Atmospherically, this game feels like everything Pokemon tried to be, but failed at. Mons can talk and wander around towns like other NPCs, and are even shown owning property. This might be the first mons game I’ve played where I could actually believe mons and humans live in harmony. Unfortunately, it still can’t come up with an ethical justification for creature collecting, so it sidesteps the issue entirely by saying your creatures are clones who can’t talk and (presumably?) aren’t sapient. So, kinda like Digimon Story except it makes any attempt at all to make this seem not horrible. I should note that doing this (dodging the issue entirely) is still way, way better than making it hideously unethical and then saying it isn’t, Pokemon.

There is also a delightful amount of flavor text! Despite the graphics being less sophisticated than Monster Crown‘s, the world felt far more alive, interactive, and enjoyable to explore. Even NPCs often have enjoyable quirks and tongue-in-cheek twists on standard NPC help dialogue, especially given that, as I said, many of them are mons. The NPCs provide actual honest-to-god worldbuilding details too, and all of them fit together instead of the slapdash contradictory mess of Pokemon. The world made sense to me as a society that could actually exist and function, where humans and creatures really are able to work together to make a better world.

It even manages to have a more sophisticated plot than Pokemon without going 2edgy4u like Monster Crown. There is enough evil and danger to make you feel genuinely cool and heroic for overcoming it, but without compromising the promise of a world that is on the whole a nice, uplifting, and cozy place. It even engages with the ethics of mon taming without turning into a complete cop-out like B/W by  letting the mons be part of the conversation, fancy that. There’s also a lot of really fun and clever twists on Pokemon‘s tropes — there is a point where the Evil Team pretends to challenge you to a creature battle then sucker punches you unconscious, which is hilarious. This is clearly a game made by someone who has thought as deeply about Pokemon as we have.

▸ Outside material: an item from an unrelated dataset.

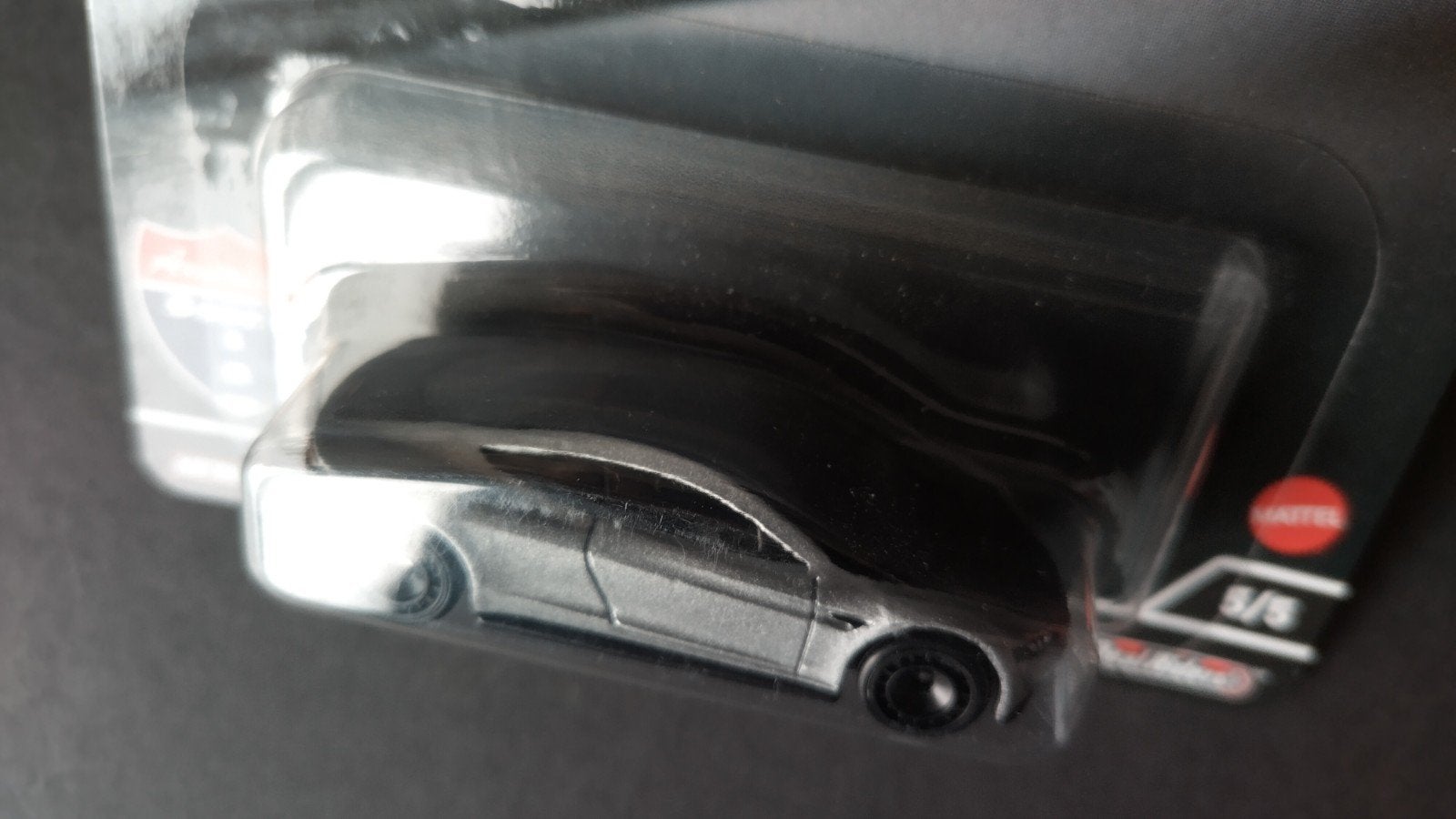 Tesla Roadster 1:64 Hotwheels Premium Pol, Hobby en Vrije tijd, Modelauto's | Overige schalen, Auto, Verzenden, Nieuw, M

…But I just can’t stick with it, because the gameplay puts me to sleep. This despite being by any mechanical measure better than Pokemon‘s gameplay in all aspects — all battles are 3v3 so synergy can exist, moves use a regenerating energy system instead of PP, and the overworld uses touch encounters instead of random. Despite the game’s obvious love of retro themes, it does a good job of recognizing what retro mechanics were actually bad and modernizing them when necessary. Unfortunately, the one thing it didn’t modernize is the jRPG’s insistence on forcing you to fight dozens of identical battles every time you wander through an area. I dealt with every regular encounter basically the exact same way, so every dungeon just felt like a chore and I barely made it to the third chapter.

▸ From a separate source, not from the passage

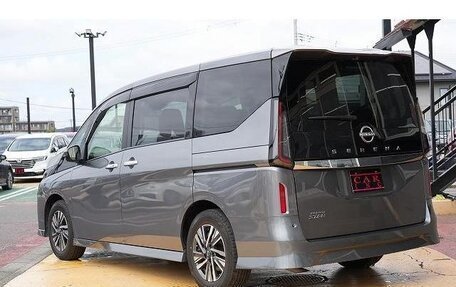 Nissan Serena, 2023 год, 2 280 700 рублей, 10 фотография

I will say it didn’t help that the menu navigation is very clunky. Even things as basic as swapping out moves requires navigating multiple submenus, and swapping out mons requires scrolling through the entire creaturedex to find the one you want. And you will be doing that a lot, because the game harshly restricts team size — you aren’t allowed to bring any reserve creatures with you, only your active team, so effective type coverage is difficult and if one of your mons gets KO’d you have little choice but to trek all the way back to a healing spot. While RPGs do, technically, only require two buttons, I feel this one could have benefited from using more for shortcuts, like the modern Pokemon games do. (Still way better than Monster Crown‘s nightmarish menus, though.)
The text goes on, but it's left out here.